FOM: Re:

Michel Eytan eytan at dpt-info.u-strasbg.fr
Tue Feb 23 04:19:52 EST 1999


Thus spake Reuben Hersh at 22-2-99 re ():

> I agree that Tarski can give a first-order proof of everything
> in Euclid's Elements.
>
> Nevertheless, mathematicians use geometric proofs, even
> if you claim you  can prove they aren't proofs.
>
> There's "Visual Complex Analysis," I forget the author's name,
> it should be in your library.
> There's Arnold's books on ordinary differential equations.
>
> Mathematics magazine for years has published "proofs without words."
>
> Recently a collection of proofs without words was published
> as a book entitled "Proofs without words."  If it's not in
> your library, just look at some issues of Math Magazine.

Also "Anschauliche Geometrie" by none less than Hilbert, if I remember
correctly. Aim is to make things 'obvious', not to prove them.

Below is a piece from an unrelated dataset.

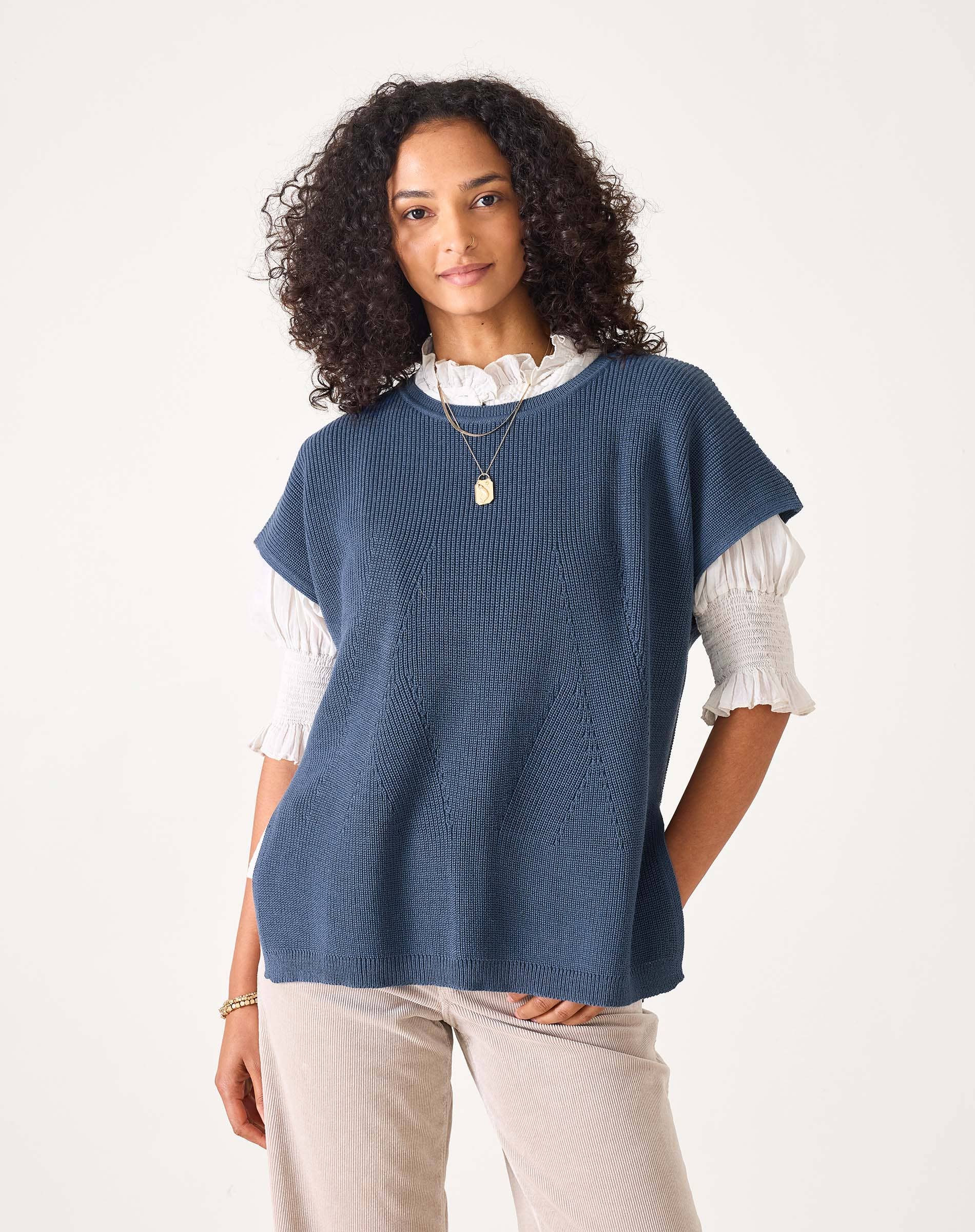 MERSEA - Wholesale Knit Sweater - Women's - Camden Short Sleeve Sweater15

Cf the
Indian mathematics where you (supposedly) decompose a problem into pieces
small enough to be able to say "Look!" and the property to prove leaps at
your eyes...

>
> Why do mathematicians do this?
>
> Because a geometric proof is often more convincing, more perspicuous,
> more inteeesting, more memorable.
>
> You can say it isn't a proof, but it is recognized as a proof by
> people whose business is proving theorems.
>
> You can take a tree branch and chop is into bits, and then
> say you've proved it was really a tree branch.
>
> To what end?
>
> Reuben Hersh


--
Michel Eytan                                       eytan at dpt-info.u-strasbg.fr
                                       "I say what I mean and mean what I say"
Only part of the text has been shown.